No entanto, as notas e os textos que se encontram no museu portátil, encerrados nas caixas, são obras da mesma natureza que os objetos prontos. São também formulações 'já prontas', quase impenetráveis. Ready-made em palavras. A sintaxe delas é perfeita, e o sentido escapa. À diferença dos jogos surrealistas, não se busca nenhum efeito poético em particular; é o exercício puro da língua remetendo-se a ela mesma. Não se sente de modo algum o 'estilo' do artista, é como se as proposições estivessem congeladas em sua pureza definitiva. Daí decorre sua admiração por Roussel e por Brisset. "Eu acho que, na qualidade de pintor, era melhor ser influenciado por um escritor do que por outro pintor já estou farto da expressão 'idiota como um pintor'."
Como o conteúdo físico da pintura - cores e formas - é rejeitado, e a arte não é mais retiniana, é não-óptica, então deve utilizar outro suporte. Mas as palavras são signos impalpáveis, poucos pesados, que a cadeia de comunicação pode fazer circular dentro dessa leveza. Elas servem simultâneamente de lugar e de tempo aos objetos aos quais dão título, e substituem a matéria: o título é uma cor.
Além disso, como acabamos de destacar em relação às fórmulas, a língua é algo que já está aí, um ready-made, pronto para o emprego. Os usuários da língua não inventam; eles a transformam ou mudam de lugar seus elementos.

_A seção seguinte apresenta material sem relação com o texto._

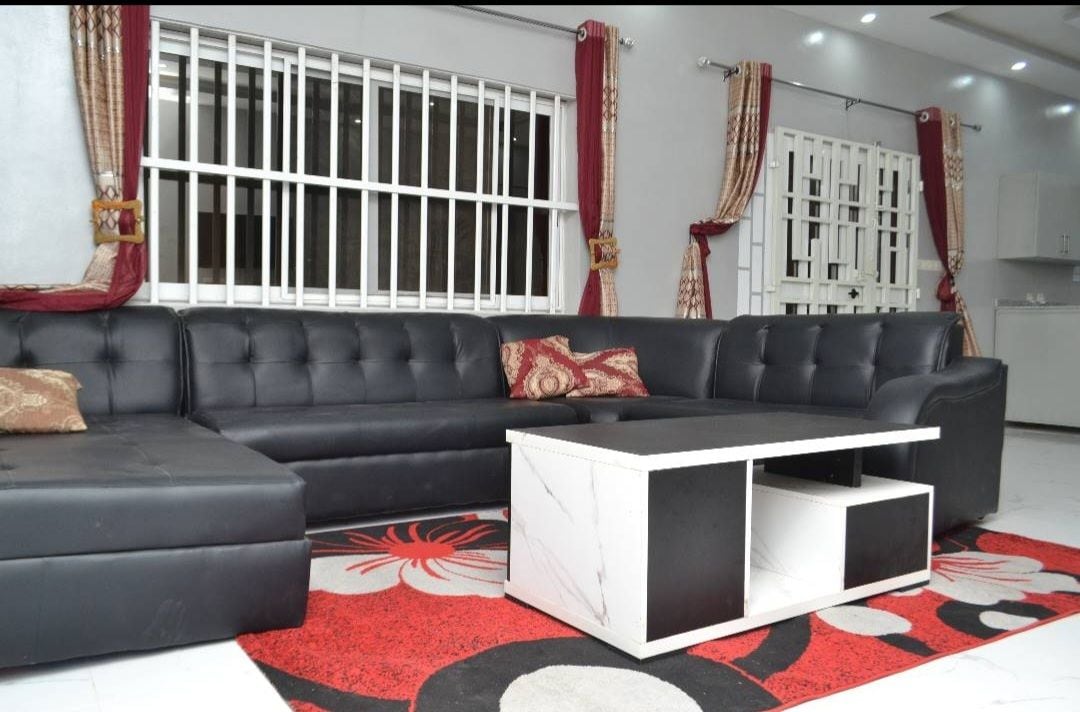 A spacious living room features a large black sectional sofa adorned with decorative cushions. A coffee table with a marble finish sits on a vibrant area rug, while large windows allow natural light to fill the space, complemented by stylish curtains.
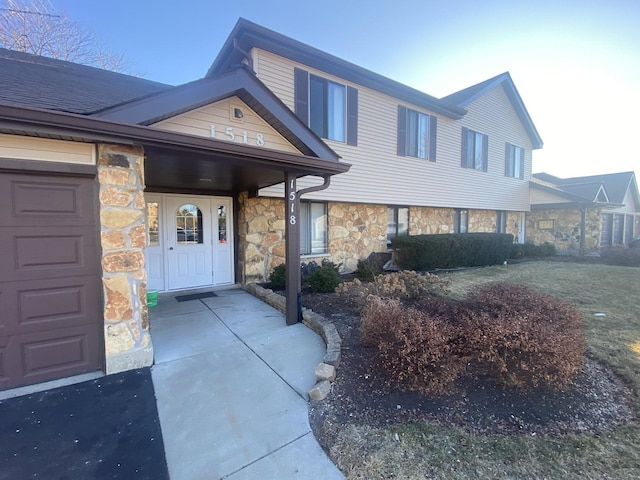 view of exterior entry featuring stone siding and an attached garage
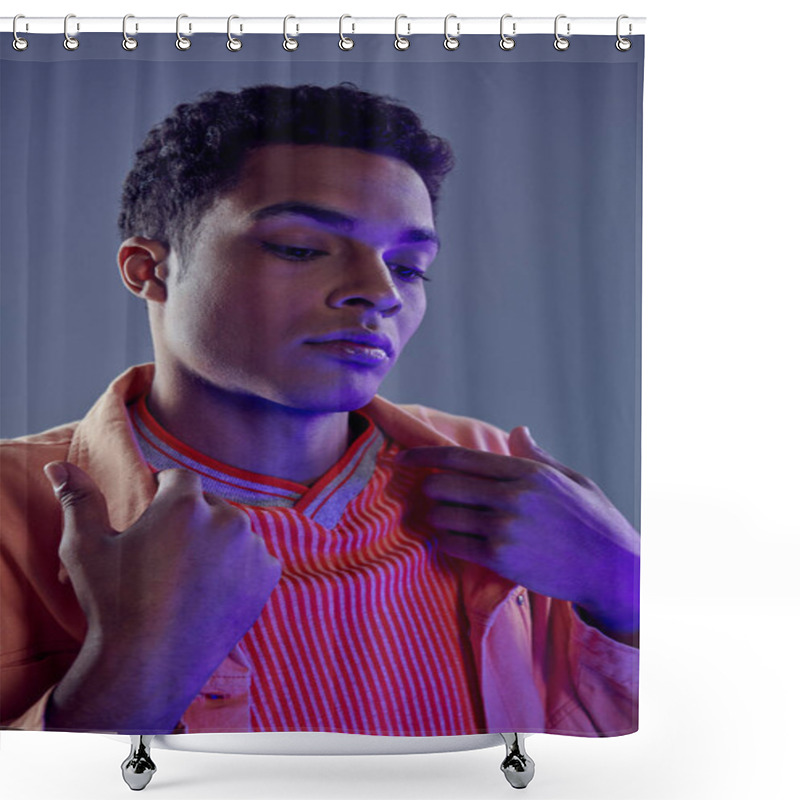 Personality  Portrait Of Handsome African American Man In Peach Shirt Posing On Grey Background With Blue Light Shower Curtains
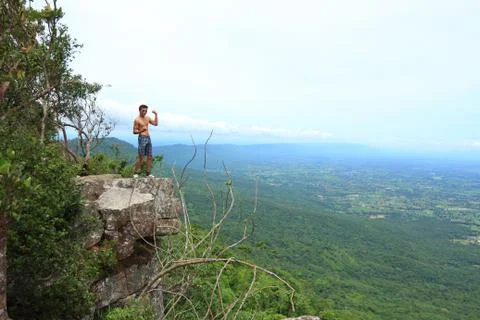 Man relaxing on top of a mountain and enjoying a valley view. Stock Photos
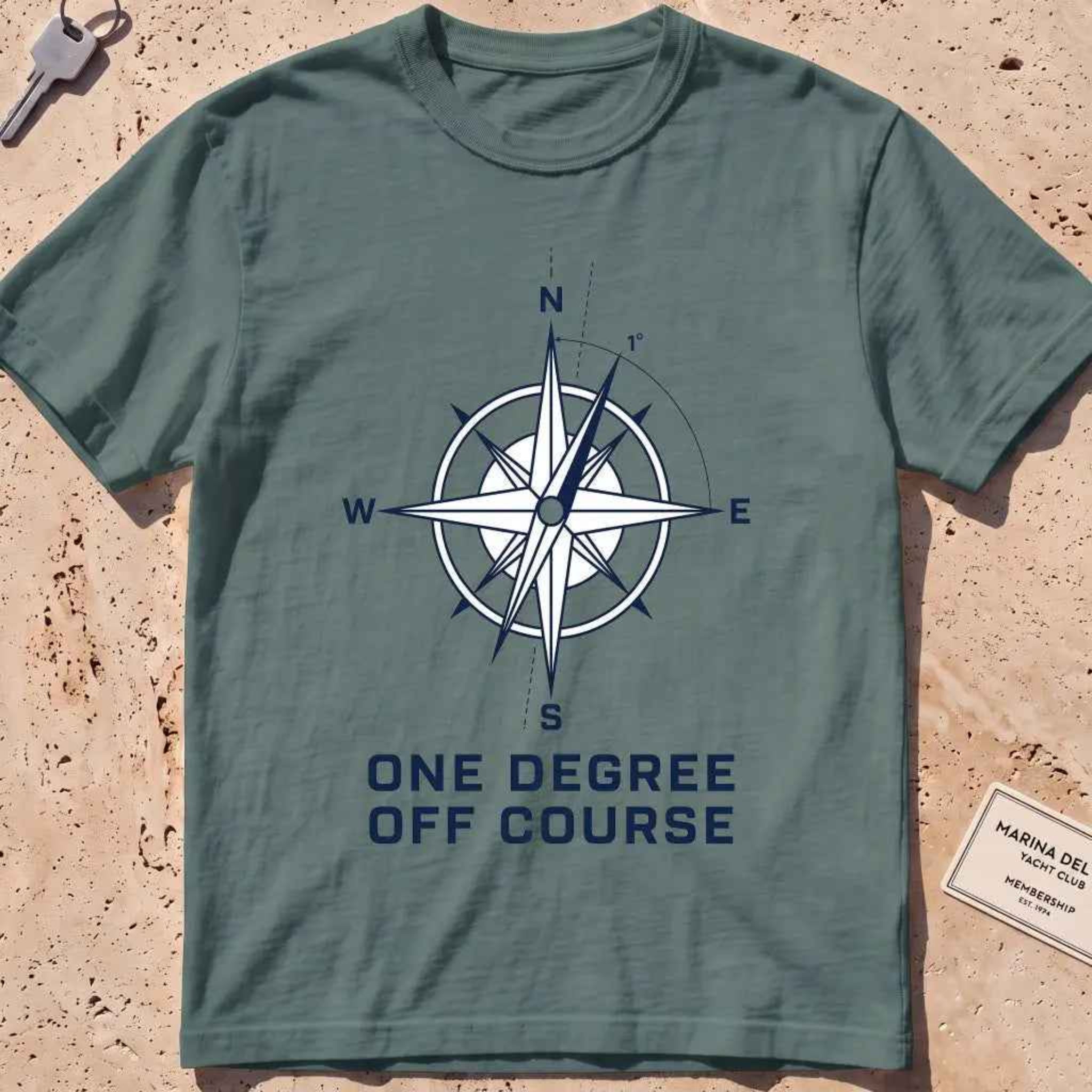 blue spruce heavyweight tee with a compass rose "One Degree Off Course" graphic.
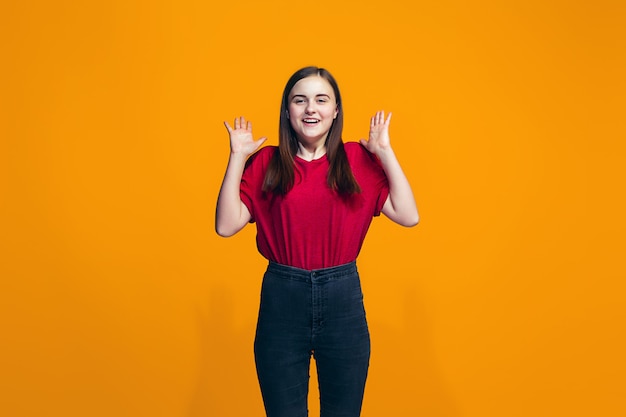 La niña adolescente feliz de pie y sonriendo contra el espacio naranja.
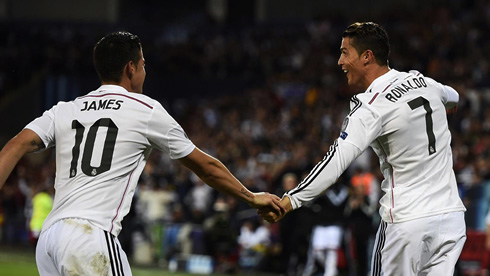 James Rodríguez holding Cristiano Ronaldo's hand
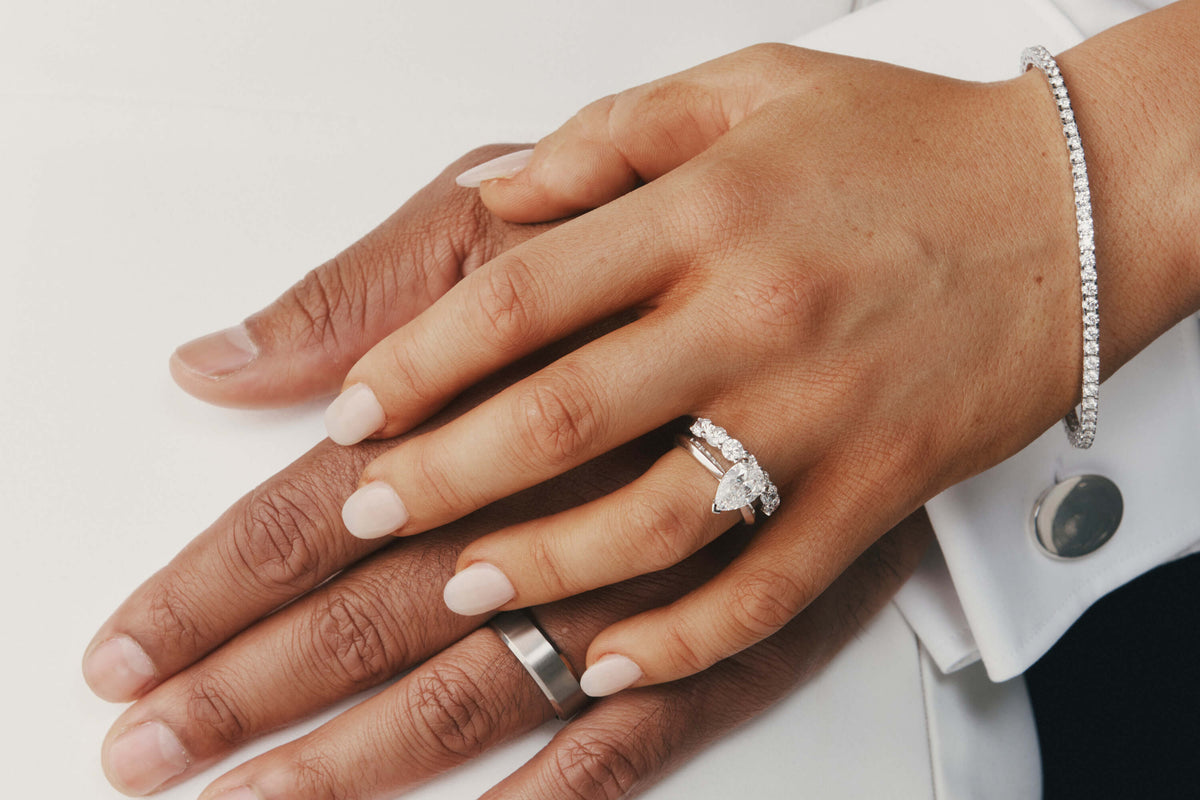 Close up of bride wearing pearl cut diamond solitaire ring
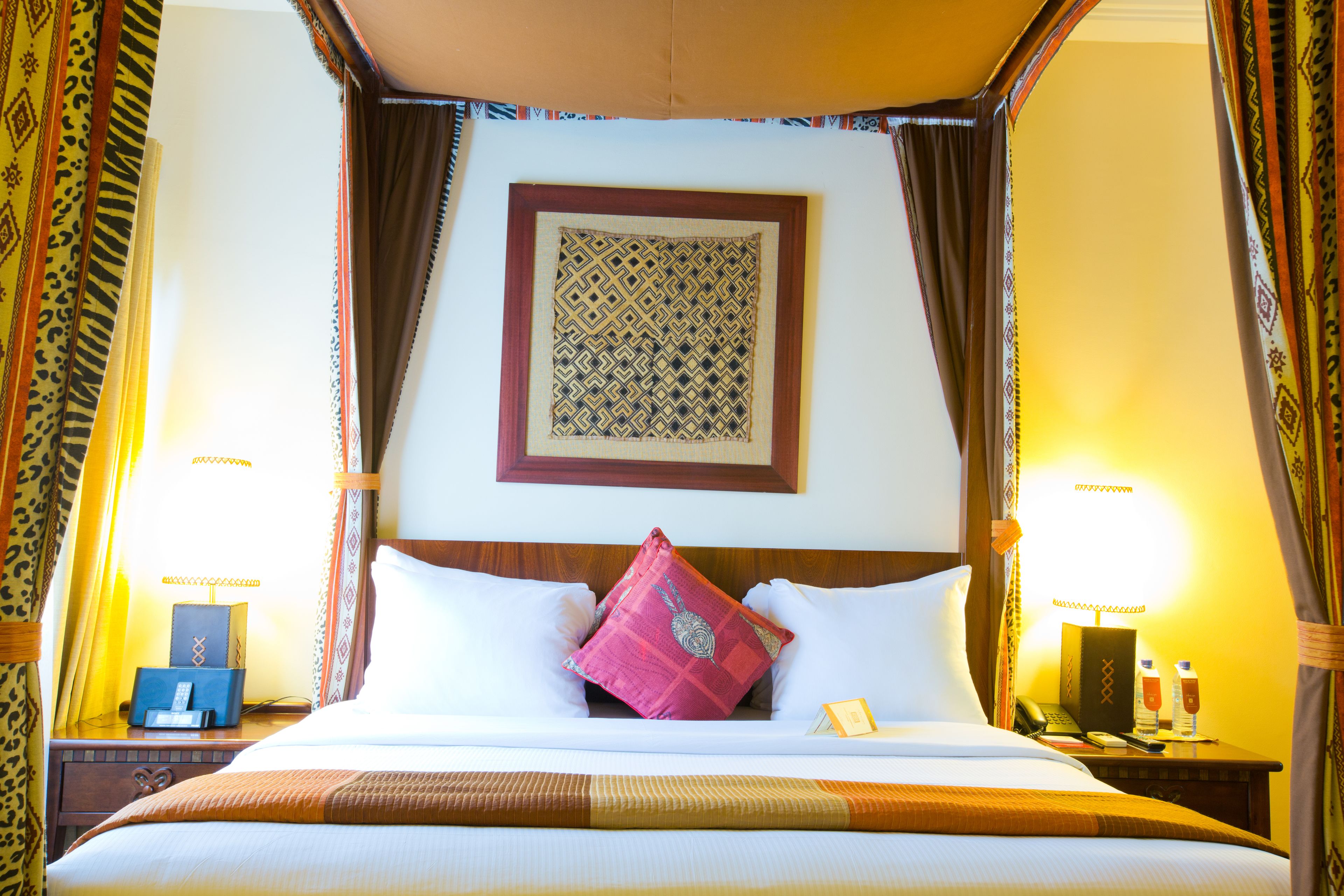 Un lit à baldaquin avec une tête de lit à motifs, un coussin décoratif rose et une table de chevet avec une lampe et un téléphone.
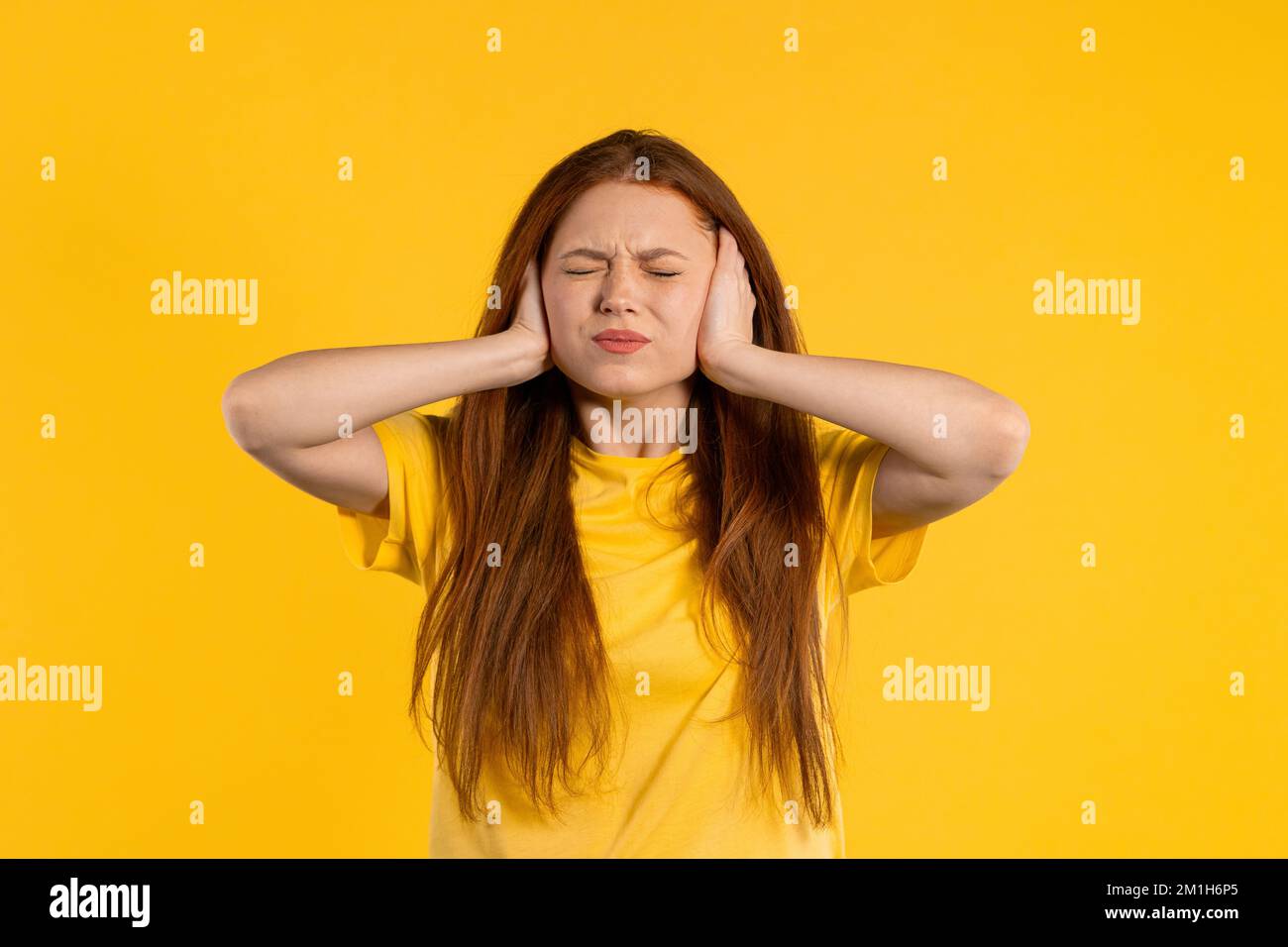 Donna zenzero irritata con orecchie coperte ignorando su sfondo giallo. Adolescente che vieta fastidiosi suoni, grida o rumore. Foto Stock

Portanto, assim como os jogos de linguagem de Wittgenstein esclarecem não a mensagem, mas o sistema da língua e seu uso, as proposições de Duchamp que 'acrescentam' aos ready-made (ou são utilizados como ready-mades) esclarececem não tanto os próprios objetos - cujo significado habitual tendem antes a obscurecer - e sim o funcionamento da arte.